[Data — start]
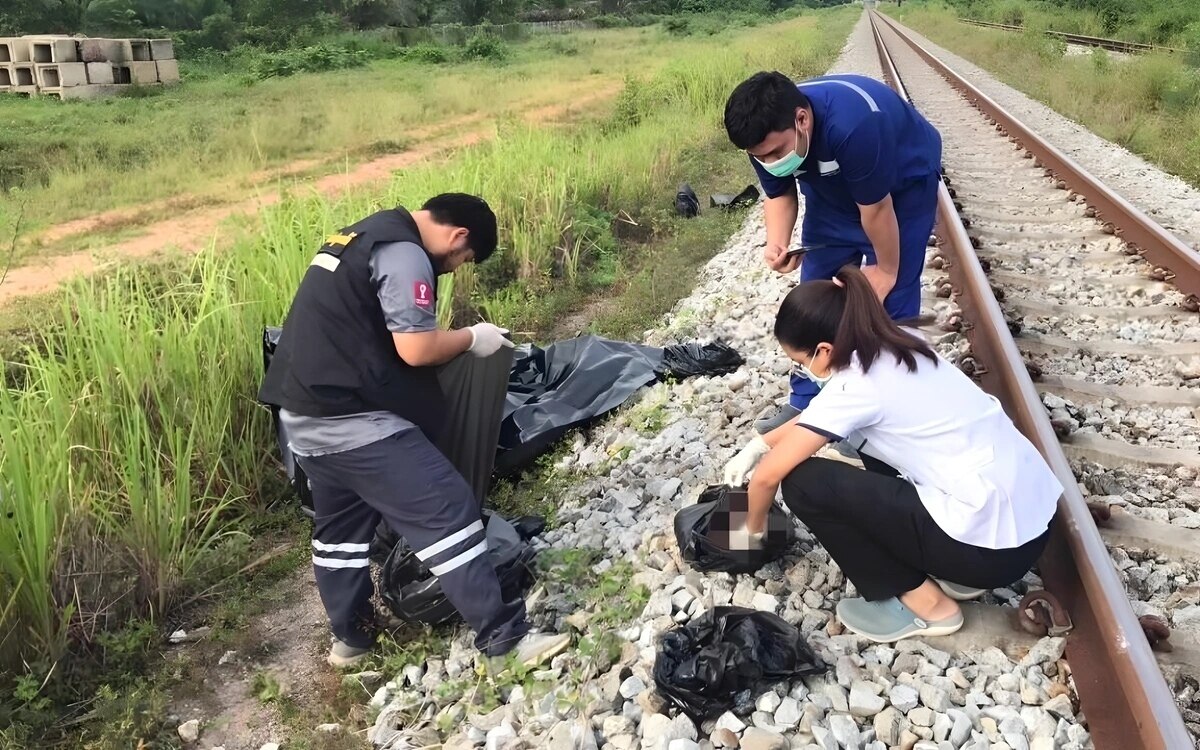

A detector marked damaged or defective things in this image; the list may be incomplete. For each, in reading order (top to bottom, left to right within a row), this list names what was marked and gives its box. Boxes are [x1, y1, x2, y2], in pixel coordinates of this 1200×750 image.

rusty rail [868, 11, 1192, 750]
rusty rail [956, 17, 1184, 55]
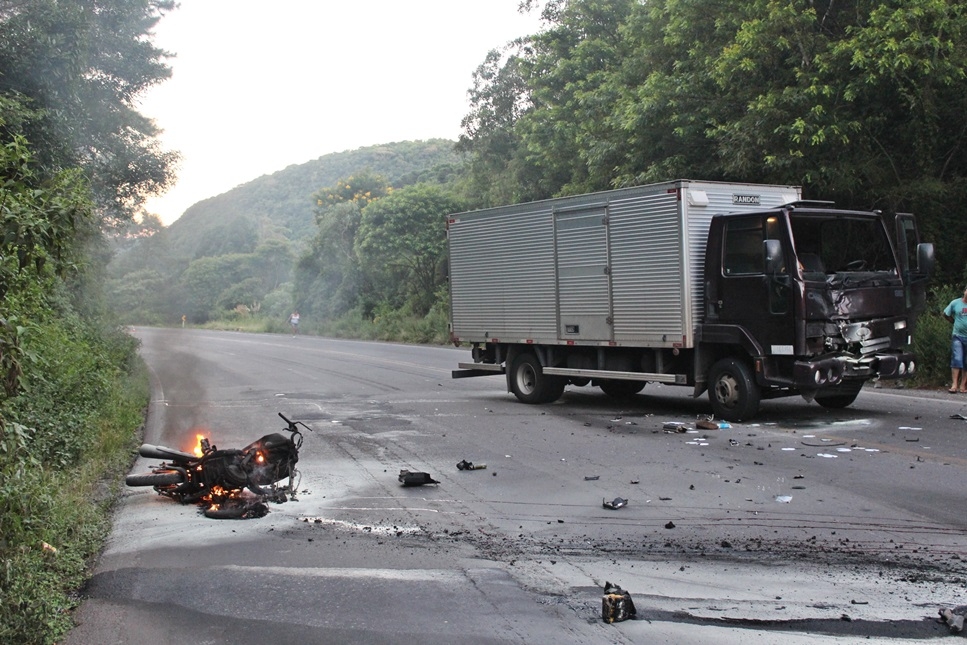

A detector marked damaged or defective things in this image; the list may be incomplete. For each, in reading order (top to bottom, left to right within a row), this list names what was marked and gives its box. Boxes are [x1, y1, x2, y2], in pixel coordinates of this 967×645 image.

damaged box truck [450, 180, 932, 422]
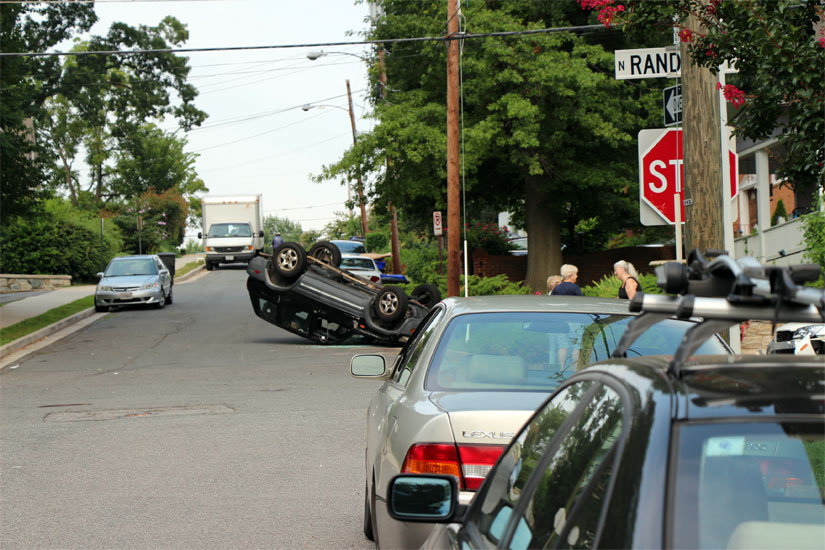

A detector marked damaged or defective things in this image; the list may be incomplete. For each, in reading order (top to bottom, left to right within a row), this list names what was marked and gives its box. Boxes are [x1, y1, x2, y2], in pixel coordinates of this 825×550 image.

overturned car's tire [274, 243, 306, 280]
overturned car's wheel [274, 243, 306, 280]
overturned car's tire [308, 240, 340, 268]
overturned car's wheel [308, 240, 340, 268]
overturned car [245, 242, 440, 344]
overturned car's tire [372, 286, 408, 326]
overturned car's wheel [372, 288, 408, 324]
overturned car's tire [408, 284, 440, 310]
overturned car's wheel [408, 284, 440, 310]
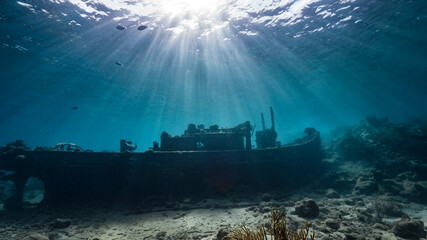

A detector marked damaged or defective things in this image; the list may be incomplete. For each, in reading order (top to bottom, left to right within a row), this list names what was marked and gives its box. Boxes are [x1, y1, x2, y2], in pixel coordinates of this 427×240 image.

rusted hull [0, 131, 320, 208]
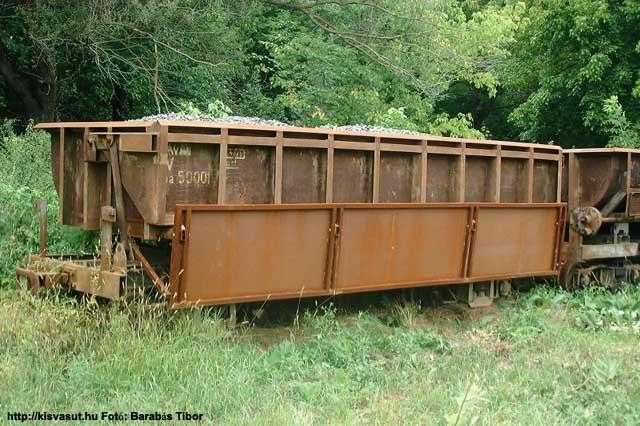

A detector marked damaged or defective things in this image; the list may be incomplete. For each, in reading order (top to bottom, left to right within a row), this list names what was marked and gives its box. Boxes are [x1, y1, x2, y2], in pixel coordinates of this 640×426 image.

rusty side panel [225, 146, 276, 204]
rusty side panel [284, 148, 328, 203]
rusty side panel [378, 151, 422, 202]
rusty side panel [424, 156, 460, 202]
rusty side panel [464, 156, 496, 203]
rusty side panel [498, 158, 528, 203]
second rusty wagon [16, 118, 564, 308]
rusty railway wagon [16, 120, 564, 310]
rusty railway wagon [564, 148, 640, 288]
rusty side panel [169, 203, 560, 306]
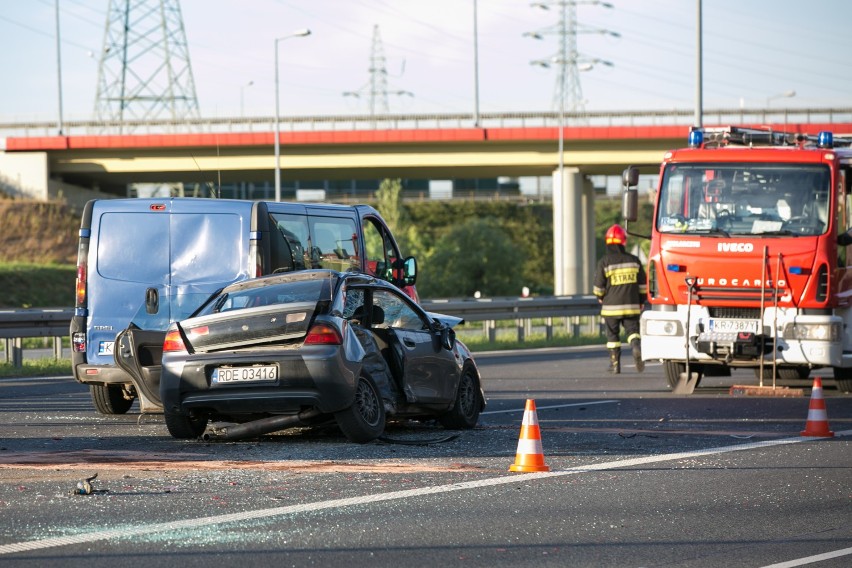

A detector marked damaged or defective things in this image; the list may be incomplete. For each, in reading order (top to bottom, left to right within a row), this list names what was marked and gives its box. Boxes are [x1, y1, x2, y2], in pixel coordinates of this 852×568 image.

damaged black sedan [156, 270, 482, 444]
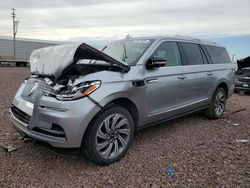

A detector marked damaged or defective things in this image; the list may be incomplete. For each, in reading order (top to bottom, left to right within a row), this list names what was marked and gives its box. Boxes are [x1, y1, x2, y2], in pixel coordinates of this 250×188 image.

crumpled hood [30, 42, 129, 78]
broken headlight [54, 81, 100, 101]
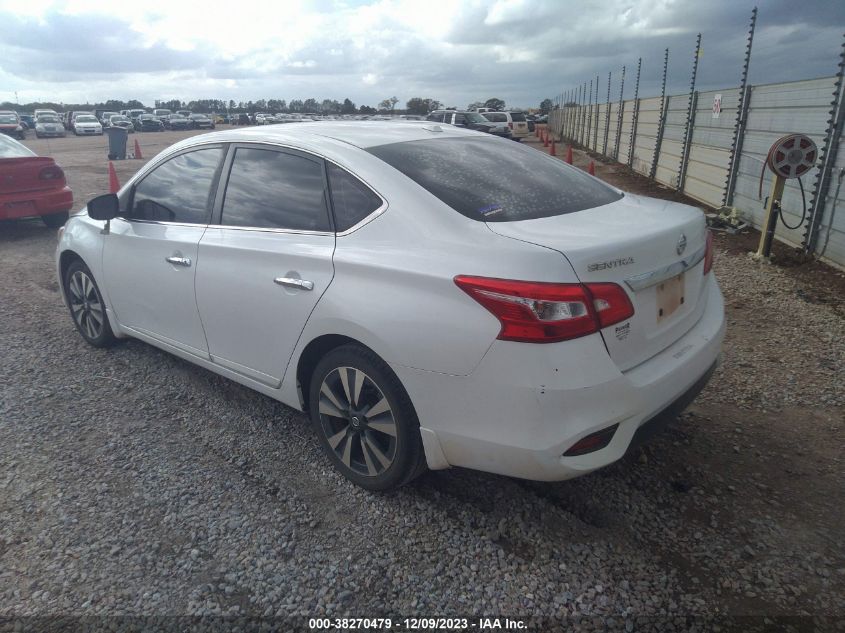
[Data — finish]
_What to produce_
Pictures are to be omitted from the copy, and only the lines from the one containing "this 250×188 image." through the final line of the listing above are to be written out exactly.

_Output_
A detector marked damaged or defective things in this image; the list may be incomplete. For each, in reading order (top to bottom, left to right within a row), this list names what was marked and gives its box. Boxes are [x1, y1, x2, y2], in pixel coordinates of this 250×188 image.

crumpled hood [30, 42, 129, 78]
broken headlight [54, 81, 100, 101]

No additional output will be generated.